Provided data

# # #

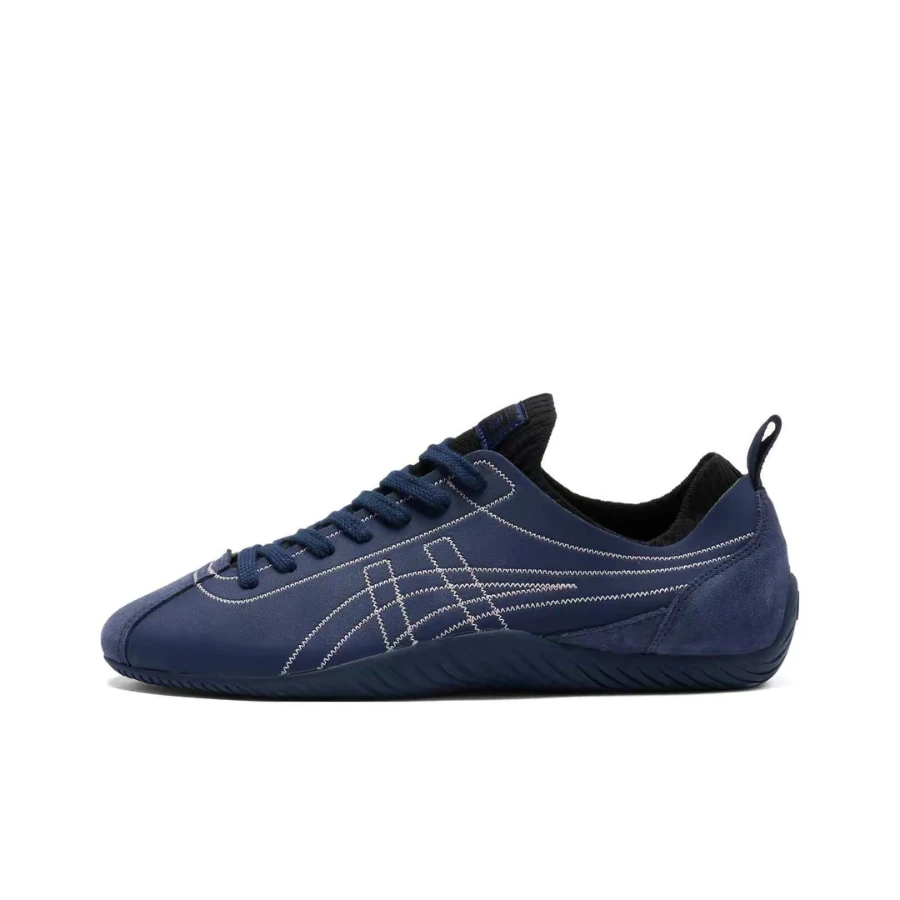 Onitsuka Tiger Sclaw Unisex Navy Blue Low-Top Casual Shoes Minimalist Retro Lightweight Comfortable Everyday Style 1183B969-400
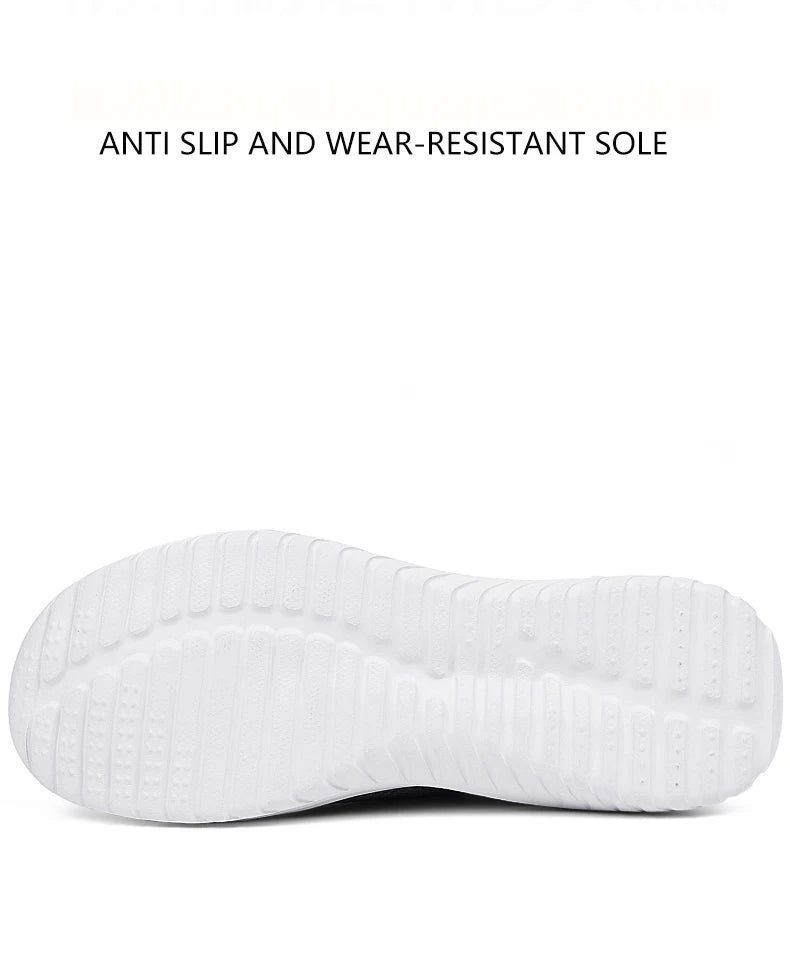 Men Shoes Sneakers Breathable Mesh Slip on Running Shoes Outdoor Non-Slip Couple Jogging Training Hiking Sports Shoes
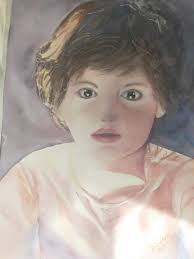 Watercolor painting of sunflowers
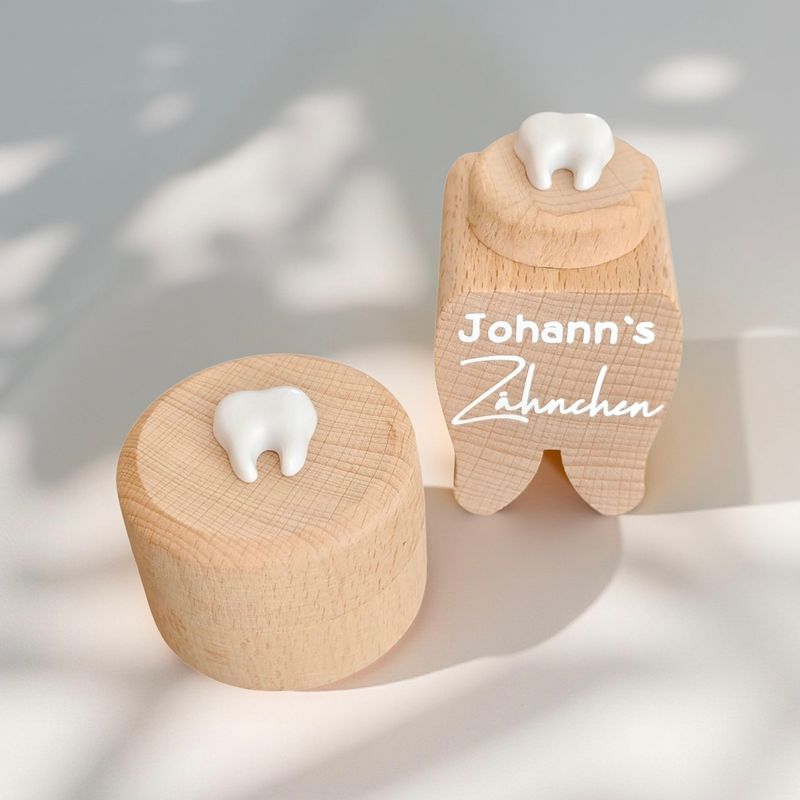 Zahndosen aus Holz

# # #

Exercise objective
Give back the material above exactly, but without its images.

Answer for the task
 Onitsuka Tiger Sclaw Unisex Navy Blue Low-Top Casual Shoes Minimalist Retro Lightweight Comfortable Everyday Style 1183B969-400
 Men Shoes Sneakers Breathable Mesh Slip on Running Shoes Outdoor Non-Slip Couple Jogging Training Hiking Sports Shoes
 Watercolor painting of sunflowers
 Zahndosen aus Holz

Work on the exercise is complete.